[Feature][Connector Hive] support hive savemode #6842

liunaijie · 2024-05-11T09:59:28Z

Purpose of this pull request

subtask of #5390

implement hive savemode feature
remove hive metadata using hive2 jdbc (remove hive thrift url, using hive2 jdbc instead)

Does this PR introduce any user-facing change?

How was this patch tested?

Check list

If any new Jar binary package adding in your PR, please add License Notice according
New License Guide
If necessary, please update the documentation to describe the new feature. https://github.com/apache/seatunnel/tree/dev/docs
If you are contributing the connector code, please check that the following files are updated:
1. Update change log that in connector document. For more details you can refer to connector-v2
2. Update plugin-mapping.properties and add new connector information in it
3. Update the pom file of seatunnel-dist
Update the release-note.

liunaijie · 2024-05-16T10:52:48Z

@EricJoy2048 @dailai @ruanwenjun hi, guys. PTAL when you have time.

liunaijie · 2024-05-16T10:55:16Z

...-hive/src/main/java/org/apache/seatunnel/connectors/seatunnel/hive/sink/HiveSinkFactory.java

@@ -66,7 +74,8 @@ public OptionRule optionRule() {

        ReadonlyConfig finalReadonlyConfig =
                generateCurrentReadonlyConfig(readonlyConfig, catalogTable);
-        return () -> new HiveSink(finalReadonlyConfig, catalogTable);
+        CatalogTable finalCatalog = renameCatalogTable(finalReadonlyConfig, catalogTable);


replace with target hive sink table name, if not replace here, will pass source table name to hive.
like fake to hive sink. so when use this catalog, will has issue, replaced here

liunaijie · 2024-05-16T11:01:01Z

...ve/src/main/java/org/apache/seatunnel/connectors/seatunnel/hive/catalog/HiveJDBCCatalog.java

+        String describeFormattedTableQuery = "describe formatted " + tablePath.getFullName();
+        try (PreparedStatement ps = connection.prepareStatement(describeFormattedTableQuery)) {
+            ResultSet rs = ps.executeQuery();
+            return processResult(rs, tablePath, builder, partitionKeys);


Now hive table informaction is parse from the query result. That's not very elegant, but it work.....

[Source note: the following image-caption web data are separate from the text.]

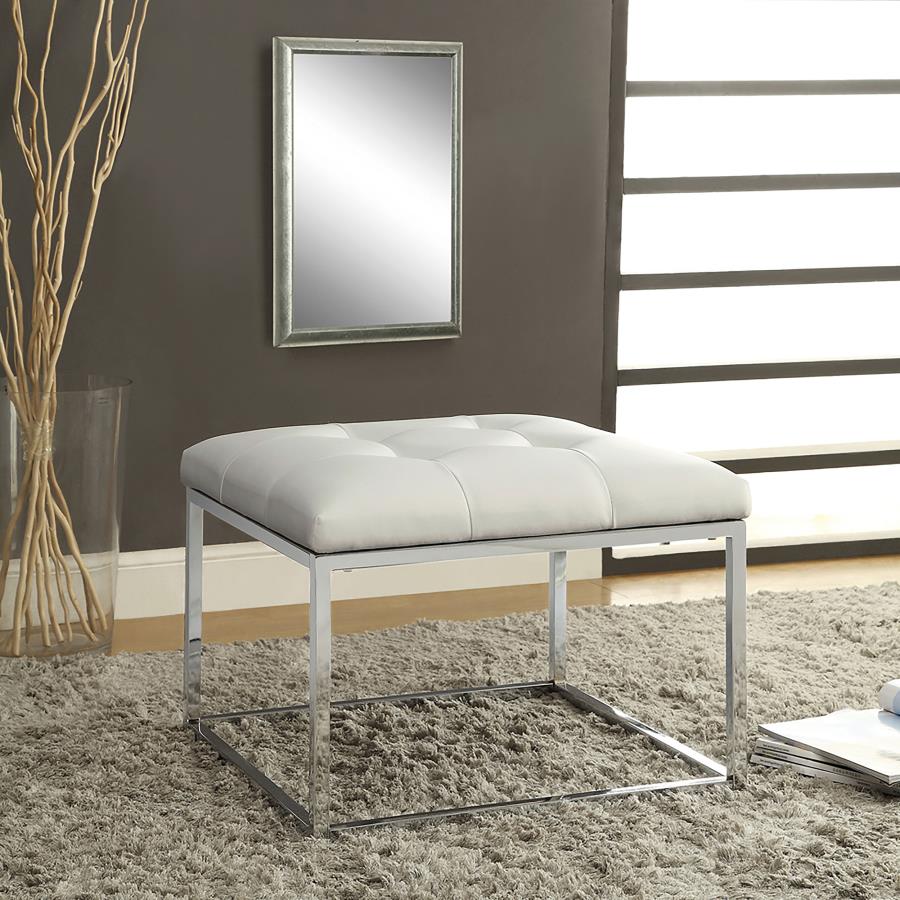 (image for) Swanson Square Upholstered Tufted Ottoman White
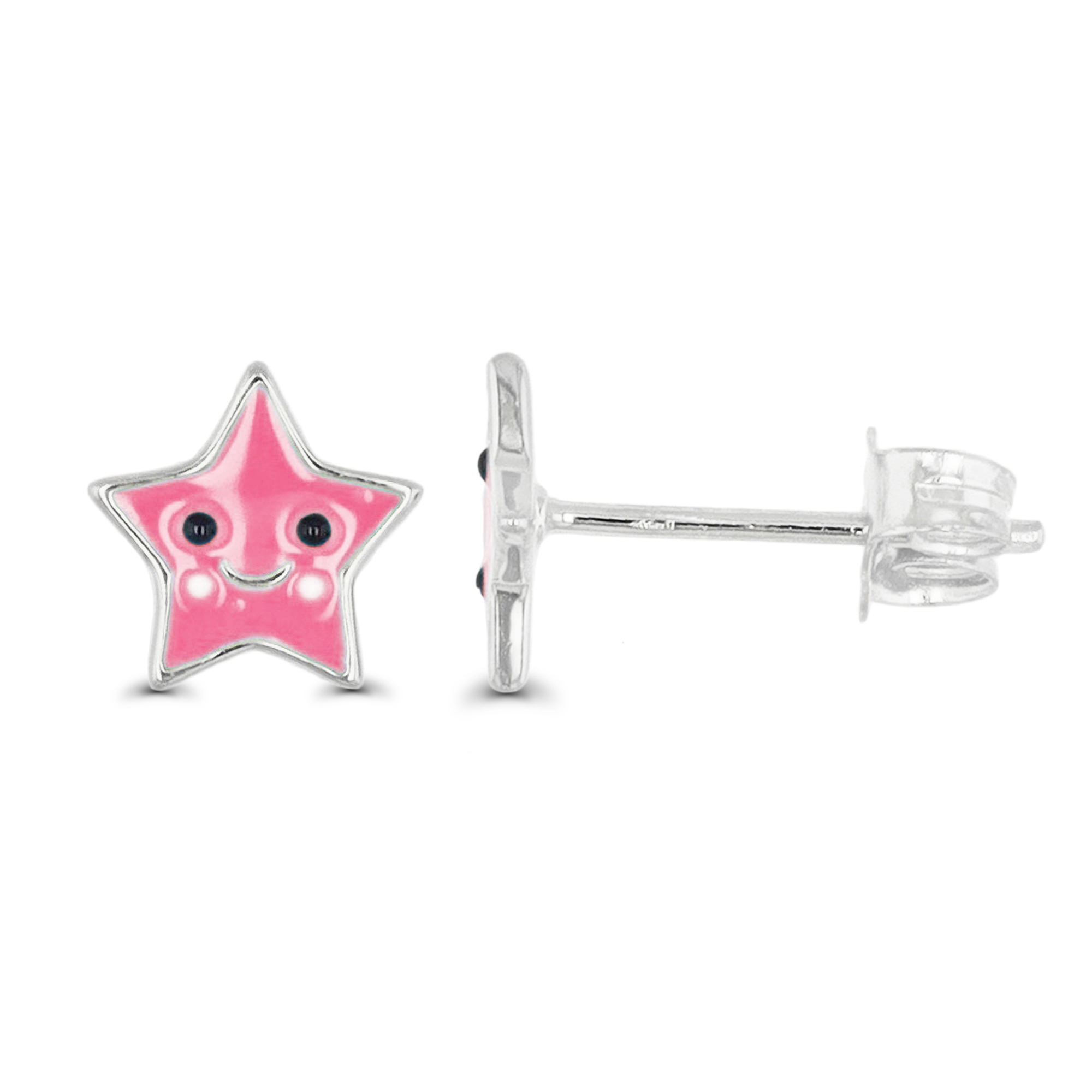 Sterling Silver Rhodium 7.5MM Star Enamel Pink White & Black Stud Earring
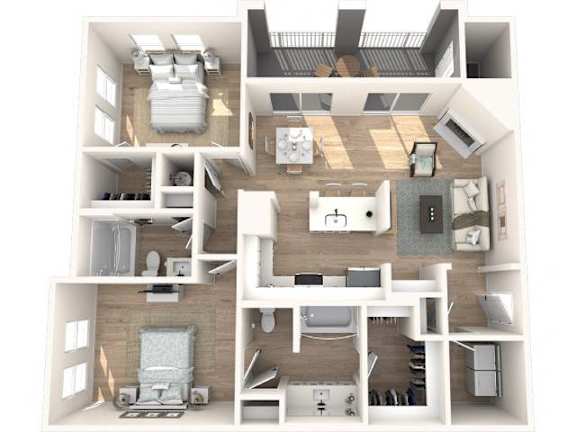 A 3D floor plan of a house showing a kitchen, living room, and bedrooms.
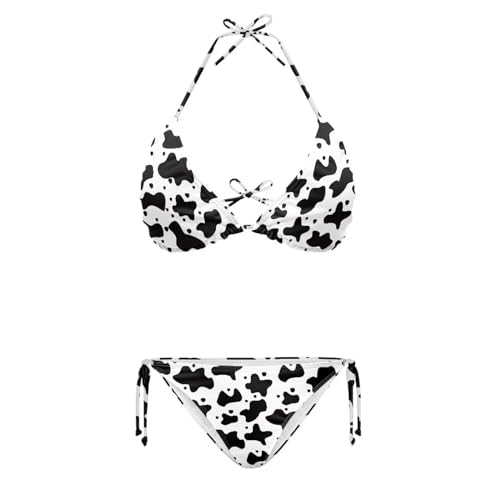 Suhoaziia Cow Pattern Two-Piece Swimsuit Set for Women Plus Size Tie Side Triangle Bikini Swimsuits Slimming Halter Bikini Sets for Summer Beach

liunaijie · 2024-05-21T07:05:38Z

...nnector-hive/src/main/java/org/apache/seatunnel/connectors/seatunnel/hive/sink/HiveSink.java

+                                .withValue(
+                                        FIELD_DELIMITER.key(),
+                                        ConfigValueFactory.fromAnyRef(
+                                                parameters.get("field.delim")))


this line will has issue if the field.delim is \t, the ConfigValueFactory.fromAnyRef with replace it to \\t. then the writted data will has issue.

NoPr · 2024-05-22T02:56:15Z

大佬你好，创建的statement好像有点问题
org.apache.hadoop.hive.ql.parse.ParseException:line 1:0 cannot recognize input near '' '' ''

liunaijie · 2024-05-22T06:13:04Z

大佬你好，创建的statement好像有点问题 org.apache.hadoop.hive.ql.parse.ParseException:line 1:0 cannot recognize input near '' '' ''

是提交partition信息的语句吗还是哪个语句?

hailin0 · 2024-05-22T07:19:06Z

docs/en/connector-v2/sink/Hive.md

@@ -33,7 +33,7 @@ By default, we use 2PC commit to ensure `exactly-once`
 |             name              |  type   | required | default value  |
 |-------------------------------|---------|----------|----------------|
 | table_name                    | string  | yes      | -              |
-| metastore_uri                 | string  | yes      | -              |
+| hive_jdbc_url                 | string  | yes      | -              |


How to be compatible with older versions?

it not compatible with old version, because i don't want both use hive2 jdbc and hive metastore. so i removed the metastore only use jdbc.

it not compatible with old version, because i don't want both use hive2 jdbc and hive metastore. so i removed the metastore only use jdbc.

As an open source project we have to consider the compatibility of features, we know that many users are using Hive Connector, in order to be compatible with those older users, I think it is a better way to support both jdbc and metastore.

yes.
but if we want use savemode feature only with hive metastore, is difficulty to create table.
like table format, bucket setting, table location etc. we need lots of parameter to config them.
so i want use sql template to let user define the template we can replace table name, columns in this template and run the sql to create table.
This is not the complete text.